“Touring Exotic Lands”

Book Chapter

Author(s):

Dr. Waleed Hazbun

Book Title:

Global Middle East: Into the Twenty-First Century, edited by by Asef Bayat and Linda Herrera (University of California Press, 2021), pp. 225-239.

Abstract:

The Middle East and North Africa has long attracted global visitors to its pilgrimage locations, sunny beaches, ancient ruins, and cultural heritage sites. More recently in the twenty-first century, Dubai has emerged as a mega tourism destination. Across the region, policy makers, private firms, and various societal actors have promoted tourism as a means to meet the challenges and opportunities of globalization and global integration. In the post–World War II period, as countries throughout the region gained national independence, international tourism was often viewed as an engine for economic growth.
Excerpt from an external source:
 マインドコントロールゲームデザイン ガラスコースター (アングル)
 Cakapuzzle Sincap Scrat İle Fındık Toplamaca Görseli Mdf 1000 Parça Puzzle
From the 1990s, tourism became a means to promote economic liberalization and global economic integration. By 2016 the region represented about 5.5 percent of both international tourism arrivals and tourist receipts, while the direct and indirect contribution of travel and tourism amounted to 8 percent of GDP and 7 percent of employment in the region. Regional conflicts and political instability, however, often disrupt tourism flows across the region, while tourism spaces serve as contact zones between hosts and guests, where disparities in economic wealth, political power, and cultural differences are often on display. As a result, tourism is subject to political struggle and at times a target for violence. Taken together, these aspects of tourism allow it to serve as a lens to explore the region’s political economy and geopolitics as well as the emergence of the global Middle East.